Bad news, FPU regs are saved last and loaded first, and their stack frame has variable size.

Thomas Richter · 19 March 2021, 14:38

Quote:

Originally Posted by meynaf

Does the location of registers change in different versions of the OS ?

It's not documented, which means "hands off!".

Thomas Richter · 19 March 2021, 14:50

Quote:

Originally Posted by meynaf

So the question is : how to perform all this, in the fastest possible way ?
All ideas are welcome.

You can at least avoid a stack push/pop if the called functions are tiny by loading the "continue from here" location into a register and replace the JSR by JMP, and the RTS (for small functions) by a JMP (return). For longer functions, you can still make a "move.l return,-(a7)" and have a RTS at the end. Thus, at least tiny "no-op" functions do not need to touch memory or the stack. Some heavy-duty functions of P96 work this way.

War time story: GFA basic had a similar (mis-)design where the basic token interpreter was interrupted from an input.device event handler by hot-patching the interpreter loop (self-modifying code). Needless to say, the whole thing broke with processors having data and code caches.

a/b · 19 March 2021, 15:04

Well, another stupid idea (OS lovers rejoice!): install your exception vector for illegal instructions, get task's loadseg list and locate your code, put a juicy illegal into main loop (+icache nuke), and now you have access to all the registers and don't have to check any flags at all.

robinsonb5 · 19 March 2021, 15:04

Is there a spare entry in your jumptable? Or can you add a -1th entry?

If so, point that spare entry to bigloop, and jump to it at the end of every function. You could then override it in your interrupt / other task, and restore it at the end of your special handling functions?

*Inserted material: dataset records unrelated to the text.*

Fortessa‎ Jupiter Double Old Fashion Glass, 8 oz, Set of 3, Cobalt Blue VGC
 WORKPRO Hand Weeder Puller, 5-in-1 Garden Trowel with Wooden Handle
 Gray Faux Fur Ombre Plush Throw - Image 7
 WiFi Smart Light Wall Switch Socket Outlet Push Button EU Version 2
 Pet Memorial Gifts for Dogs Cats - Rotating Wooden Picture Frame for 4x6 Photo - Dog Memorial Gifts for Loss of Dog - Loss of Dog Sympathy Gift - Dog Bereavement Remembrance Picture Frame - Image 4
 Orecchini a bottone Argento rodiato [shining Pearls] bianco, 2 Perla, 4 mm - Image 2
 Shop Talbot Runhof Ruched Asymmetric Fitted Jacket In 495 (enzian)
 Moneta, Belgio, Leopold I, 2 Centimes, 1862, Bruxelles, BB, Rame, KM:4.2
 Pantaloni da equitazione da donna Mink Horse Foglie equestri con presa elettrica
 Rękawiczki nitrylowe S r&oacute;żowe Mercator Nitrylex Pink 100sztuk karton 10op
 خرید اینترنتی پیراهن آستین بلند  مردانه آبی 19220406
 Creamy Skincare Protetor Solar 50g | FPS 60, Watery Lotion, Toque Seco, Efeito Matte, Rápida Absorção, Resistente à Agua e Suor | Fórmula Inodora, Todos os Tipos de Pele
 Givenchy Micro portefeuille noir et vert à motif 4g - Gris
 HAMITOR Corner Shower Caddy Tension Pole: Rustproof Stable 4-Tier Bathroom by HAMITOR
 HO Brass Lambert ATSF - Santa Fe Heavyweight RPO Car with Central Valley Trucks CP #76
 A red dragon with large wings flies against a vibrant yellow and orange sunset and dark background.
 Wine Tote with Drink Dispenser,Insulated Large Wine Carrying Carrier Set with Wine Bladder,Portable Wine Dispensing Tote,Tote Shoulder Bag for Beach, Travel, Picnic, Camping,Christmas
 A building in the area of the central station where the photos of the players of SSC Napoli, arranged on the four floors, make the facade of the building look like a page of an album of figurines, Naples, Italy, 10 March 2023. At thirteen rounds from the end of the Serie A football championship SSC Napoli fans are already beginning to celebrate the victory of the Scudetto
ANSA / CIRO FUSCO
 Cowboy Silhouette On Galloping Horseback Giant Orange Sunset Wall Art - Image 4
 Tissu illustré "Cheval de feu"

grond · 19 March 2021, 15:33

If you are always doing the JSR from the same place, your minimal interrupt handler could replace the return address on the stack with the entry address of the extended service code such that the JSR will not return to the caller PC but enter the extended service code. The extended service code would then just JMP back into the main loop when it has done its work.

NorthWay · 19 March 2021, 15:34

Quote:

Originally Posted by meynaf

Out of curiosity, if it were the case that i had free bits available, what benefit could have come out of it ?

Not sure I know myself. It was more or less about spacing out the opcodes every N bytes and shifting the (a6) bits to get a direct address to jump to (possibly needing some rather memory-hungry address alignment - every opcode starts 2^N bytes apart).
If the code is dense then it could have been a series of 4-byte branch opcodes (possibly not faster though) if you could drop bits or shift bits so it only was 14 bits.

I'm just rambling. Orthogonality, spacing, massaged data to make it fit the problem. Is the problem set in stone, or can you modify it to make it easier to handle?

a/b · 19 March 2021, 15:54

Expanding on robinsonb5's nice idea, if you have a spare register:

Code:

	lea	(main_ptr),a5
bigloop:
	move.w	(a6)+,d7
	jmp	([a4,d7.l*4])

main_ptr:
	DC.L	bigloop

r1:
...
	jmp	([a5])
r2:
...
	jmp	([a5])

When you want to break out, simply change main_ptr and you don't have to mess with the registers. Is this faster than tst/bra combo on 020? It's not as fast as bra/dbf, but shouldn't be much behind.

meynaf · 19 March 2021, 16:34

Quote:

Originally Posted by a/b

Hmmm... Good point, FPU :\. Let me poke around...
Bad news, FPU regs are saved last and loaded first, and their stack frame has variable size.

Sigh. I expected this.

Quote:

Originally Posted by Thomas Richter

It's not documented, which means "hands off!".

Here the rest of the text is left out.